À treize ans, j’ai fait un stage, avec mon cousin, dans une trattoria en Italie. Depuis ce temps, je sais que je veux faire ce métier. J’ai fait un bac pro cuisine en apprentissage à l’école Ferrandi Paris et dans le restaurant Anona du chef Thibaut Spiwack, qui a une étoile Michelin et une étoile verte. Aujourd’hui, je suis en BTS management en hôtellerie-restauration, toujours à Ferrandi, et je travaille à Épicure – le restaurant triplement étoilé du Bristol Paris, sous la direction de mon maître d’apprentissage Matthieu Adam.
Pourquoi avez-vous décidé de participer à ce concours ?
Pour dépasser mes limites et me confronter aux autres candidats. Cela permet de s’améliorer et de faire de grandes rencontres avec les chefs formateurs et ceux du concours.
Comment vous êtes-vous préparé ?
J’ai tenté une première fois le concours, mais je suis arrivé en deuxième position au niveau régional. Le chef Vianney Lecocq m’a proposé de retenter le concours. Je m’entraîne presque tout le temps depuis juillet dernier, à l’école et même au Bristol, sur mes jours de travail. Pour les régionales, en octobre 2025, il fallait exécuter un menu créé par les Maîtres cuisiniers de France. Pour la finale, c’était un menu imposé par la cheffe MOF Virginie Basselot, à réaliser pour six personnes en quatre heures.

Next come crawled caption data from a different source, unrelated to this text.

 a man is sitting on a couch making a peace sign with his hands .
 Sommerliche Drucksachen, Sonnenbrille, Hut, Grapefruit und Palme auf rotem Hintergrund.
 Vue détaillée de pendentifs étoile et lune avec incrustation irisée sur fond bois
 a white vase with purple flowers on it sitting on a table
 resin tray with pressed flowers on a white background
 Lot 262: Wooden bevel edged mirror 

Que retenez-vous de cette expérience ?
Que du positif. Ça a été une expérience incroyable, riche en émotions. Je voudrais revivre le jour J vingt fois ! Le fait de rencontrer tous ces chefs, c'était génial ! C'était quelque chose d'unique d'avoir les chefs et les équipes autour de moi qui me soutenaient. J’ai aussi appris à plus me faire confiance.
Quel conseil donneriez-vous à un apprenti qui voudrait concourir ?

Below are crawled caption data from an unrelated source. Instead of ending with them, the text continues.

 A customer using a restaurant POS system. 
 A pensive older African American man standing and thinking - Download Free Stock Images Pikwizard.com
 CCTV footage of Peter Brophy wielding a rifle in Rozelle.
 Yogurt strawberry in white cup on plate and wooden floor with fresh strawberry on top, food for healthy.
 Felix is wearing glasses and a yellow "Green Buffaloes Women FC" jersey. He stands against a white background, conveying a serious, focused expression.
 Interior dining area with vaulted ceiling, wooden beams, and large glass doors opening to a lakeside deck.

Je conseillerais de cuisiner avec plaisir et passion : cela représente 90 % du chemin. Le reste, c'est beaucoup de motivation, de discipline, d’entraînements, même si cela peut paraître parfois répétitif.
Vos projets ?
Je dois passer mon BTS, ça ne s'annonce pas facile… Je veux aussi bien intégrer l’équipe du Bristol : travailler ici, c’est super ! Et je réfléchis à passer d’autres concours, comme le Trophée Rougié.